### REQUIRED ACTION
Any picture in the data below gets skipped; print all the rest exactly.

### PROVIDED DATA

______________________________

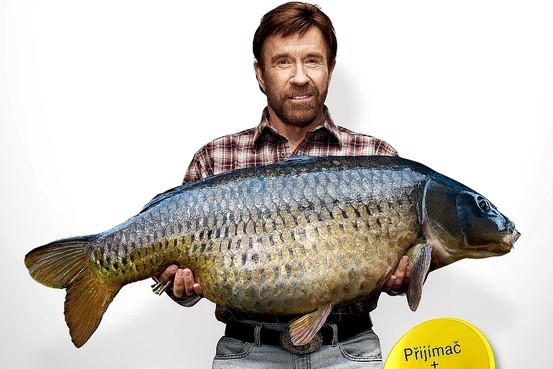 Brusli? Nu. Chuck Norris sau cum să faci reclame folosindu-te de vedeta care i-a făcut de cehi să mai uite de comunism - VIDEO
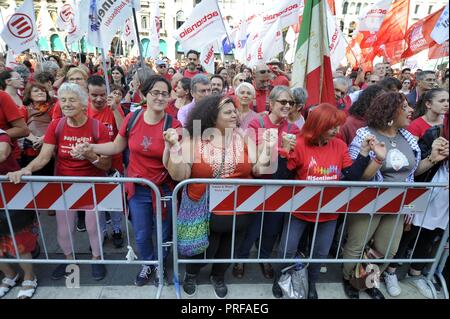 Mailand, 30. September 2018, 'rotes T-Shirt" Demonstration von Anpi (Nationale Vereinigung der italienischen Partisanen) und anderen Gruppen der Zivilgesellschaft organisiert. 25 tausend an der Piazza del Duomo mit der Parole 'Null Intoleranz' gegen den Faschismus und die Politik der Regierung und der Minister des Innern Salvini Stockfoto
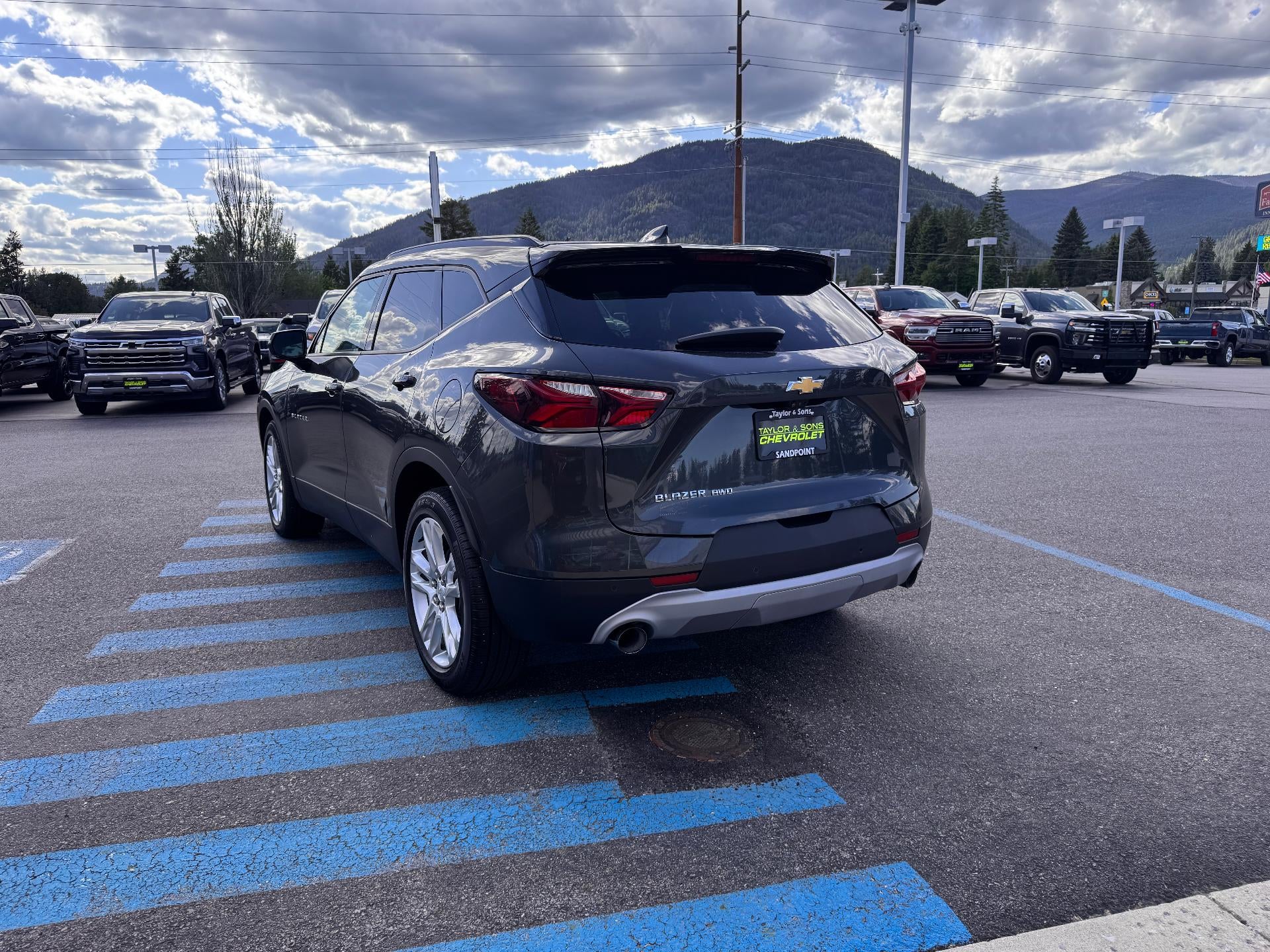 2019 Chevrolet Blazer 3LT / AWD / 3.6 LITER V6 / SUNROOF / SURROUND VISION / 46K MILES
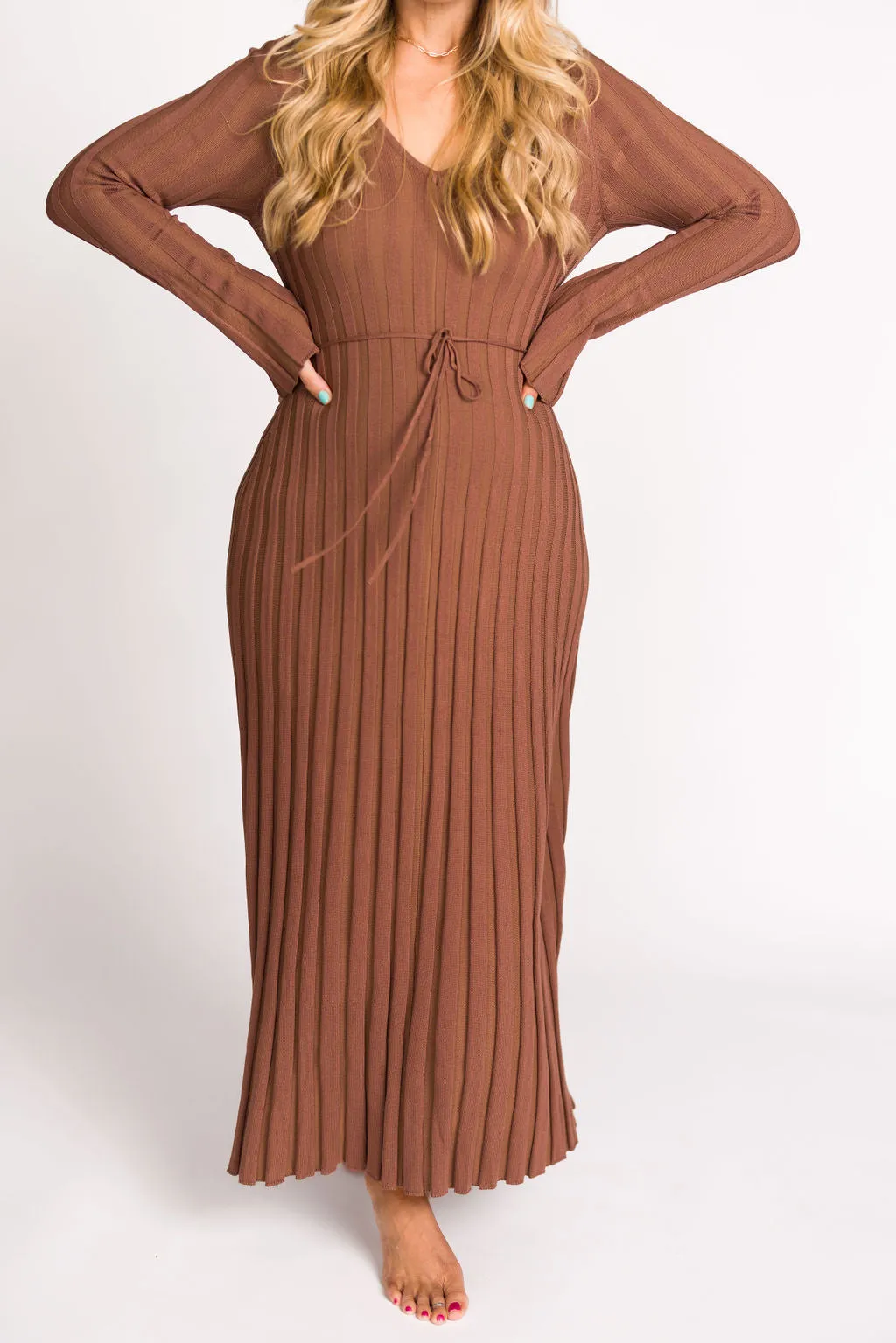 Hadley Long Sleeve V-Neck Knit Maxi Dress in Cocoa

______________________________

### RESULT BELOW
 Brusli? Nu. Chuck Norris sau cum să faci reclame folosindu-te de vedeta care i-a făcut de cehi să mai uite de comunism - VIDEO
 Mailand, 30. September 2018, 'rotes T-Shirt" Demonstration von Anpi (Nationale Vereinigung der italienischen Partisanen) und anderen Gruppen der Zivilgesellschaft organisiert. 25 tausend an der Piazza del Duomo mit der Parole 'Null Intoleranz' gegen den Faschismus und die Politik der Regierung und der Minister des Innern Salvini Stockfoto
 2019 Chevrolet Blazer 3LT / AWD / 3.6 LITER V6 / SUNROOF / SURROUND VISION / 46K MILES
 Hadley Long Sleeve V-Neck Knit Maxi Dress in Cocoa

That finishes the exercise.